Does the new finding on "reversing a quantum jump mid-flight" rule out any interpretations of QM?
No. All news stories about this result are extremely misleading.
The "quantum jump" paper demonstrates an interesting and novel experimental technique. However, it says absolutely nothing about the interpretation of quantum mechanics. It agrees with all proper interpretations, including the Copenhagen interpretation.
What the researchers actually did
When a quantum system transitions between two states, say $|0 \rangle$ to $|1 \rangle$, the full time-dependence of the quantum state looks like $$|\psi(t) \rangle = c_0(t) |0 \rangle + c_1(t) |1 \rangle.$$ The amplitude $c_0(t)$ to be in $|0 \rangle$ smoothly and gradually decreases, while the amplitude $c_1(t)$ to be in $|1 \rangle$ smoothly and gradually increases. You can read this off right from the Schrodinger equation, and it has been known for a hundred years. It is completely standard textbook material. The researches essentially observed this amplitude changing in the middle of a transition, in a context where nobody had done so before.
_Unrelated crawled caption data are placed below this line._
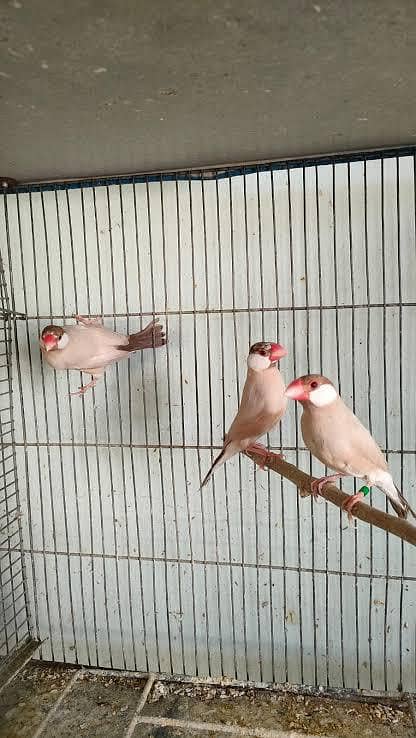 Fawn Java white java 1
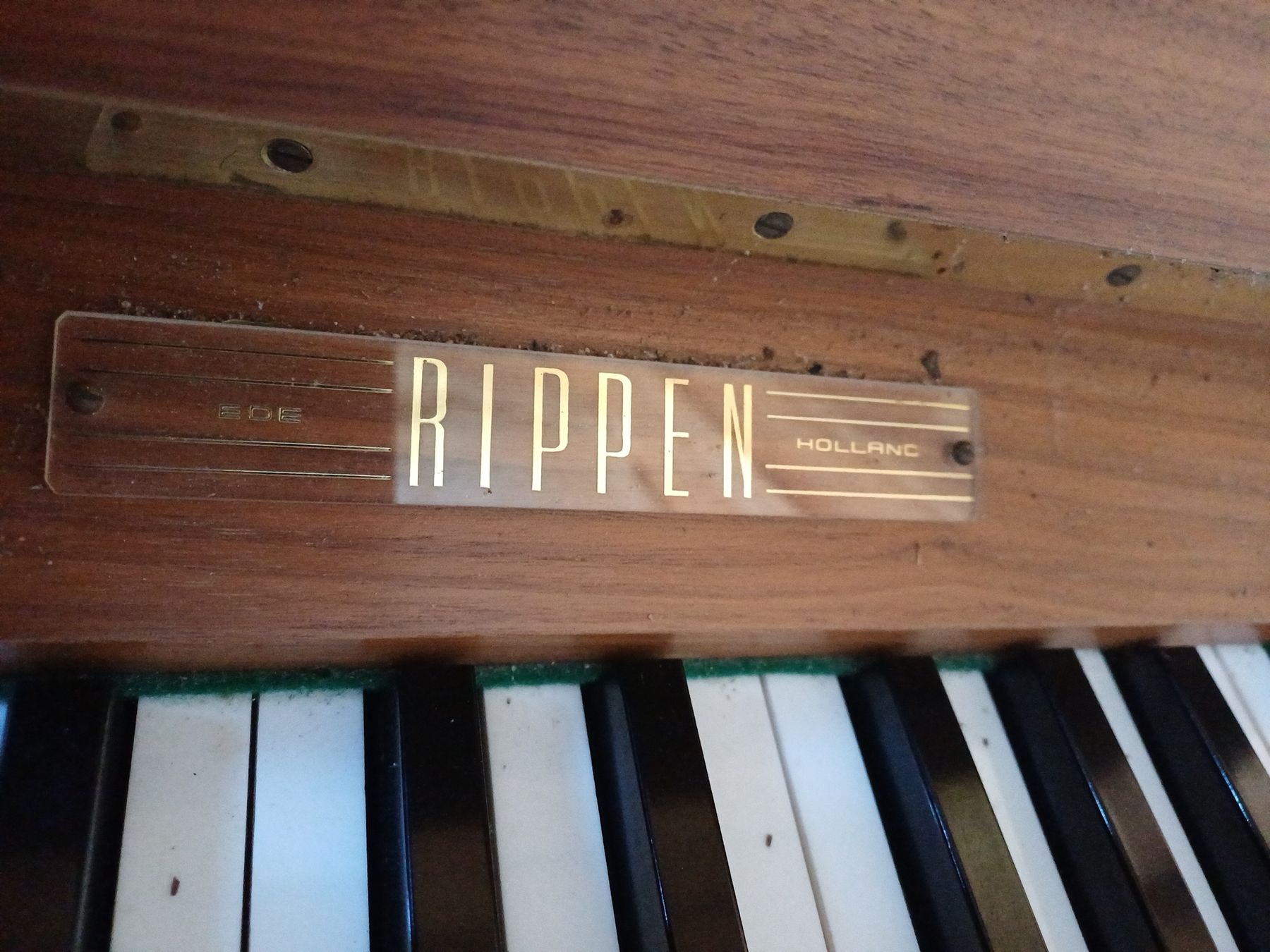 Musikinstrumente: Klavier von rippen – Gebraucht aus Chur von P88o 1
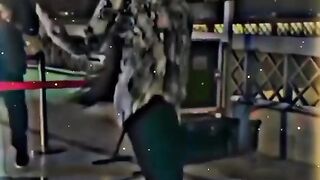Amazing dance
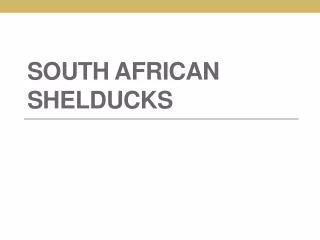 South African Shelducks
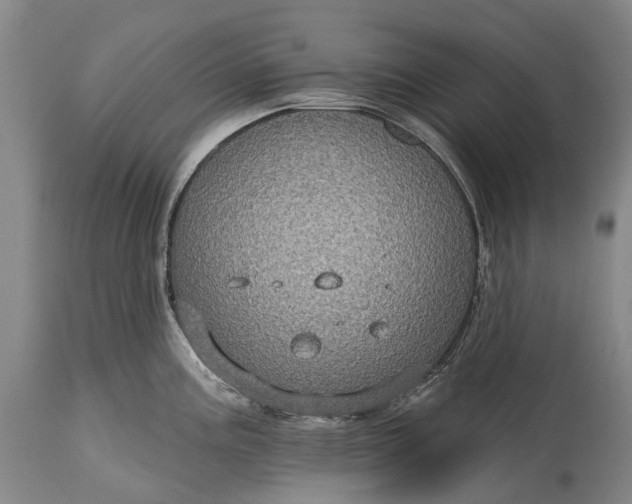 X0000115321195200911161738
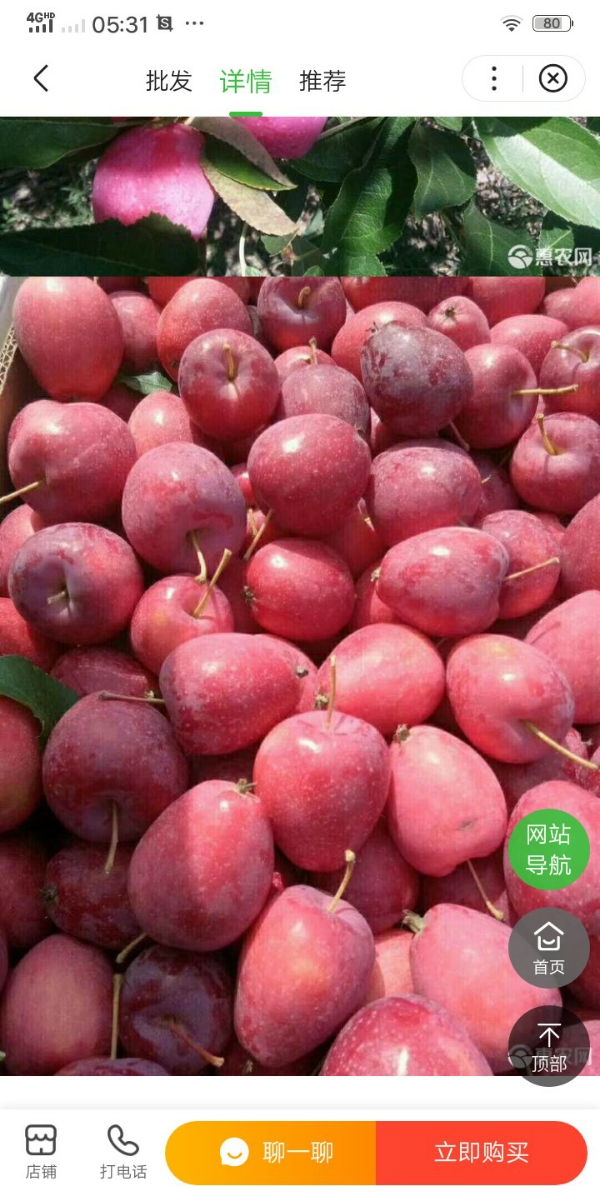 新疆伊犁水果供应:葡萄，西梅，鸡心果，恐龙蛋李子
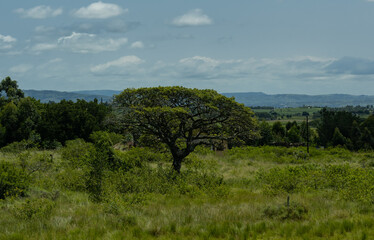 Landschaft vor dem Naturreservat Hluhluwe Nationalpark Südafrika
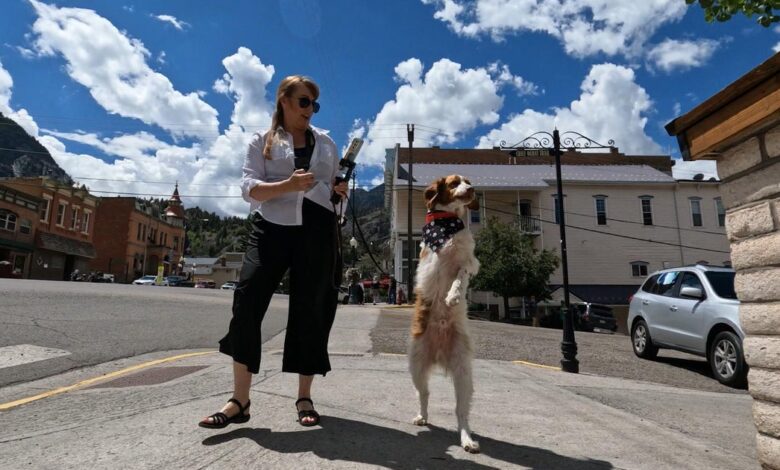 “Kindness 101”: Dexter the dog overcomes tragedy to inspire many “Kindness 101”: Dexter the dog overcomes tragedy to inspire many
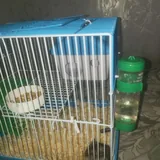 Клетка для хомячка 1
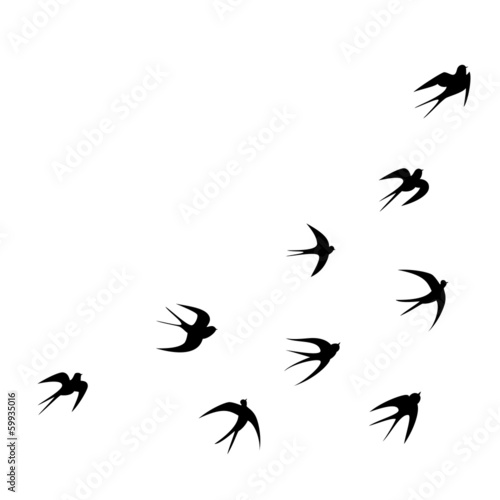 Fotomural Schwalben Tattoo Vorlage Vektor Silhouette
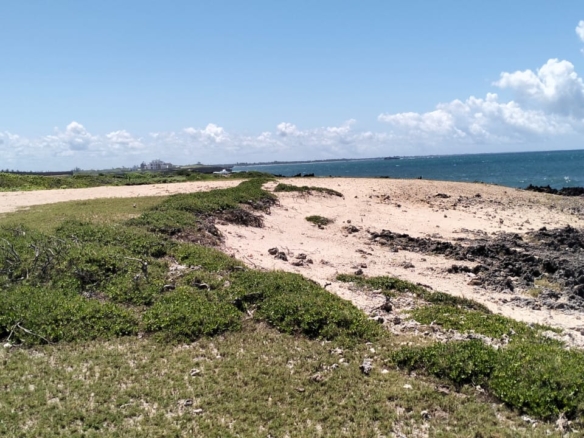 10-acre beachfront land for sale in Maweni Matsangoni Uyombo with freehold title, coral bedrock, ocean views, and subdivision potential.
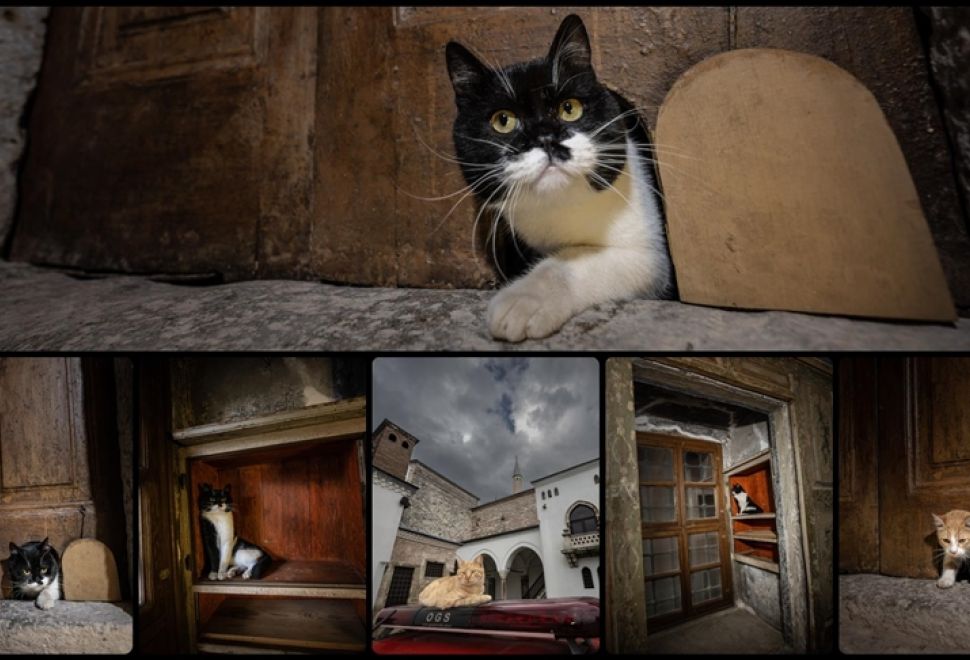 Topkapı’da Tarihi Kedi Kapısı Açıldı, Mülayim’in Torunu Şerbet Görevde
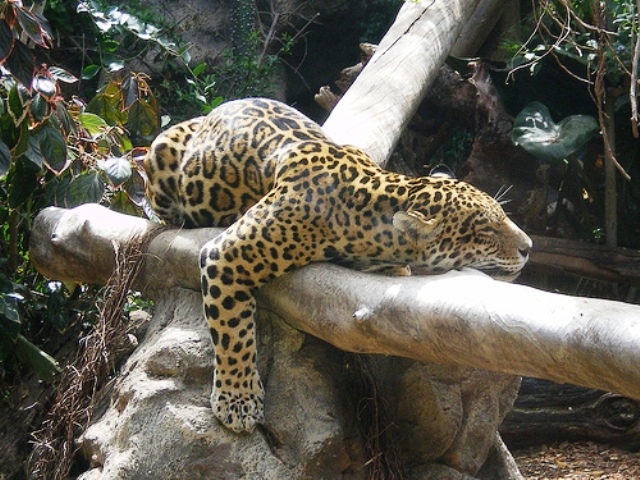 Panthère noire se prélassant et dormant paisiblement sur une branche, illustration humoristique de la sieste.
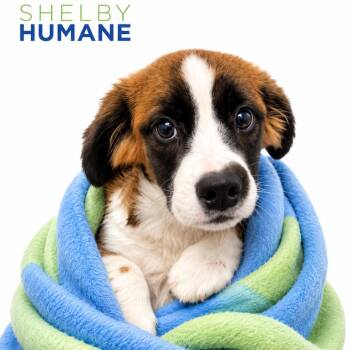 Nosy Rosie -  Mixed Breed Dog for Adoption in Columbiana, Alabama - Nosy Rosie | PetCurious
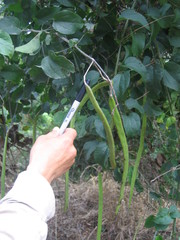 Bignonia aequinoctialis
The authors themselves emphasize in their paper that what they found is in complete agreement with standard quantum mechanics. Yet countless news articles are describing the paper as a refutation of "quantum jumps", which proves the Copenhagen interpretation wrong and Bohmian mechanics right. Absolutely nothing about this is true.
Why all news articles got it wrong
The core problem is that popsci starts from a notion of "quantum jumps", which itself is wrong. As the popular articles and books would have it, quantum mechanics is just like classical mechanics, but particles can mysteriously, randomly, and instantly teleport around. Quantum mechanics says no such thing. This story is just a crutch to help explain how quantum particles can behave differently from classical ones, and a rather poor one at that. (I try to give some better intuition here.) No physicist actually believes that quantum jumps in this sense are a thing. The experiment indeed shows this picture is wrong, but so do thousands of existing experiments.
The reason that even good popsci outlets used this crutch is two-fold. First off, the founders of quantum mechanics really did have a notion of quantum jumps. However, they were talking about something different: the fact that there is no quantum state "in between" $|0 \rangle$ and $|1 \rangle$ (which, e.g. could be atomic energy levels) such as $|1/2 \rangle$. The interpolating states are just superpositions of $|0 \rangle$ and $|1 \rangle$. This is standard textbook material: the states are discrete, but the time evolution is continuous because the coefficients $c_0(t)/c_1(t)$ can vary continuously. But the distinction is rarely made in popsci.
(To be fair, there was an incredibly short period in the tumultuous beginning of "old quantum theory" where some people did think of quantum transitions as discontinuous. However, that view has been irrelevant for a century. Not every early quote from the founders of QM should be taken seriously; we know better now.)
Second off, the original press release from the research group had the same language about quantum jumps. Now, I understand what they were trying to do. They wanted to give their paper, about a rather technical aspect of experimental measurement, a compelling narrative. And they didn't say anything technically wrong in their press release. But they should've known that their framing was basically begging to be misinterpreted to make their work look more revolutionary than it actually is.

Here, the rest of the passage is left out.